A patient is responsible for reporting unexpected changes in his or her condition to the health care provider.
A patient is responsible for reporting to the health care provider whether he or she comprehends a contemplated course of action and what is expected of him or her.
A patient is responsible for following the treatment plan recommended by the health care provider.
A patient is responsible for keeping appointments and, when he or she is unable to do so for any reason, for notifying the health care provider of the health care facility.
A patient is responsible for his or her actions if he or she refuses treatment or does not follow the health care provider’s instructions.

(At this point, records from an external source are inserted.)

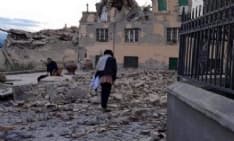 TERREMOTO CENTRO ITALIA - Da Settimo in partenza cucine da campo, tende d'emergenza e carabinieri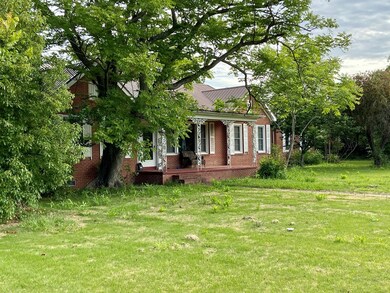 700 E 5th St, Donalsonville, GA 39845 - photo 2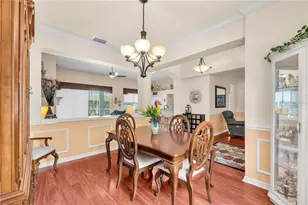 2219 Longmore Cir, Valrico, FL 33596 - Photo 16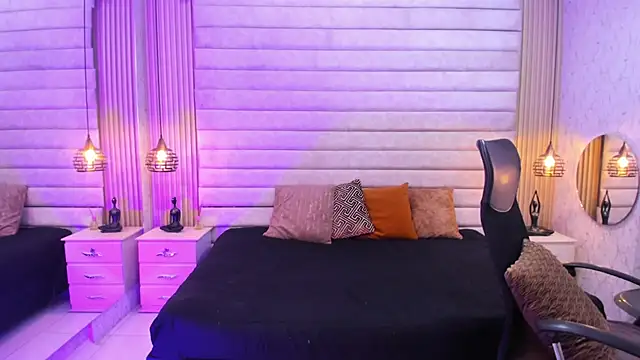 VictoriaaBlair webcam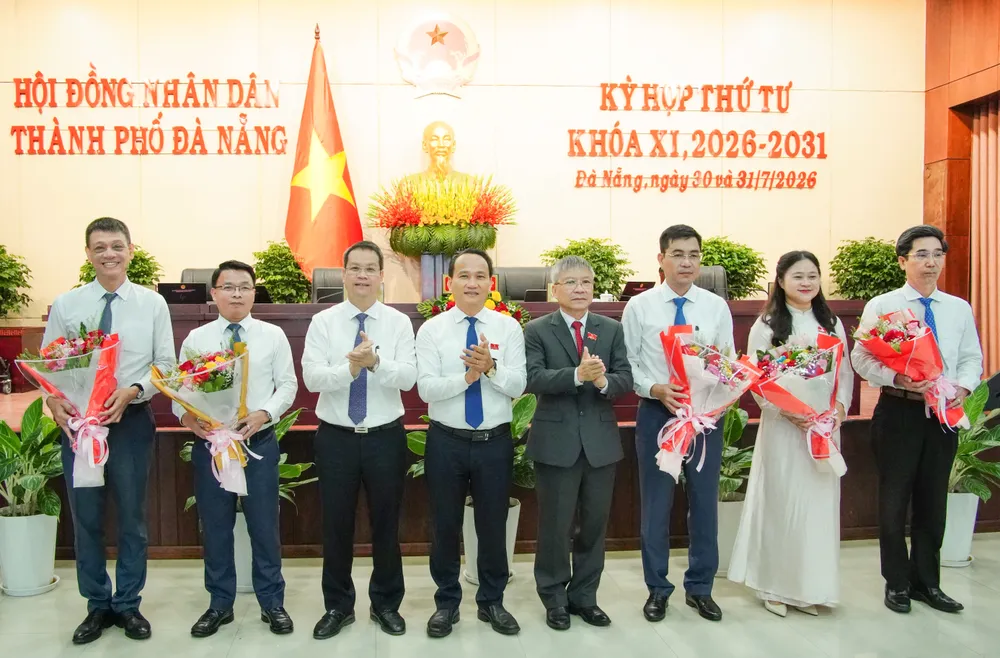 Bãi nhiệm.jpg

A patient is responsible for assuring that the financial obligations of his or her health care is fulfilled as promptly as possible.
A patient is responsible for following health care and facility rules and regulations affecting patient care and conduct.

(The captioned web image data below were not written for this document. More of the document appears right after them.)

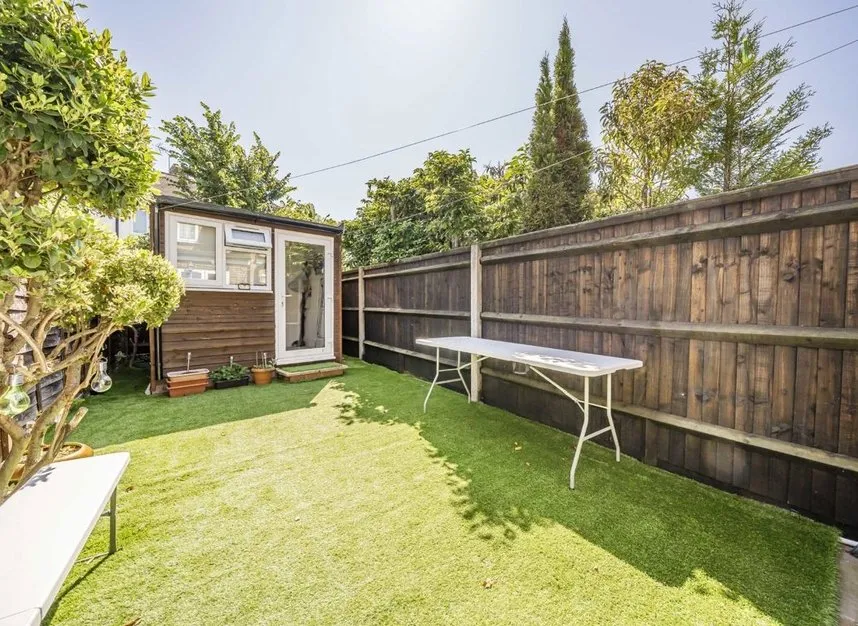 Sawyers Lawn, Ealing, W13, photo 5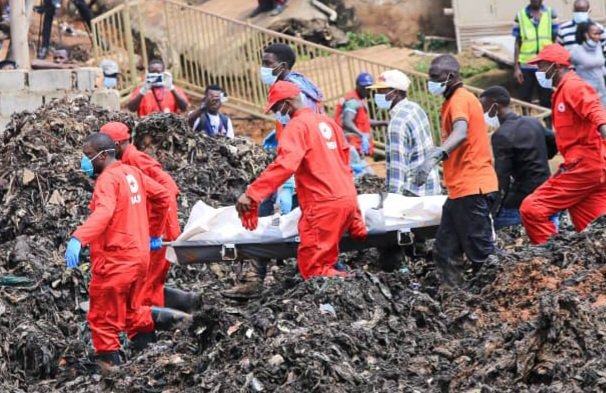 Baweze 21 abaakazuulwa nga baafiiridde mu kasasiro e Kiteezi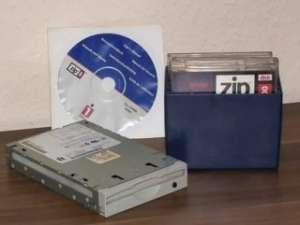 , ZIP si floppy drive INTERNsi EXTERN - Pret | Preturi , ZIP si floppy drive INTERNsi EXTERN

Patient’s Bill of Rights Specific to Post Mastectomy
As a patient who has been diagnosed with breast cancer, undergone treatment and/or surgery, and is about to be properly fitted for post-mastectomy products you have rights that are specific to you and your present medical situation.
Be seen as quickly as reasonably possible: Patients who have been advised by their physician to be fitted for a post mastectomy bra and/or prosthesis, lymphedema bra, or lymphedema sleeve and/or glove should be seen as soon as feasibly possible by a Certified Mastectomy Fitter who specializes in such needed products.
Fitted by a Certified Mastectomy Fitter: Patients should expect to be fit for prosthesis and post mastectomy bra by fitters who are certified in the fitting of such products
Receive the best Fitting Possible: This is best provided by those, such as are employed by Just About You, who meet the standards defined by the American Board for Certification for Medicare Certification.
Patients have the right to directly participate in the decision making about their fitting process. They should be treated as an equal partner of the fitting team starting at the time of their first appointment for evaluation.
Patients should expect to be offered resources to help with image recovery, targeted at improving and rebuilding self-image and self-esteem which may change as a result of breast cancer treatment. The goal is to restore the patient’s health status, including their emotional well-being.
CODE OF ETHICS
We will consistently strive to provide quality services to our Patient and to the community in accordance with the highest professional and ethical standards possible.
We will abide by Federal, State, and local laws, statutes, rules, regulations, and ordinances, and with federal, state and private payer health care program requirements.
We will conduct business professionally and properly, and we will do our best to prevent any fraud or abuse of federal, state or private payer health care programs.
We will not discriminate on the basis of age, sex, race, creed, color, national origin or disability.
We will fulfill our obligation to screen, test, manage and evaluate personnel.
We will fulfill our obligation to orient employees to their roles and to provide staff development education to maintain the current knowledge and skills needed to competently serve our Patient/patients.
We adhere to standards of integrity in advertising, marketing, billing practices, and managing the services we offer.
We will assist in admitting, planning, and discharging Patient/patients in a manner that will meet the total Patient care needs, in cooperation with community resources and agencies.
We will not knowingly misrepresent the relationship of the Company to other health care providers, institutions, or payers.
We will take appropriate precautions necessary to ensure the safety of our employees and Patient/patients.
We will protect our employees and Patient/patients with appropriate insurance coverage.
We will take appropriate measures to provide our Patient/patients and fellow employees with respect, emotional support and personal dignity.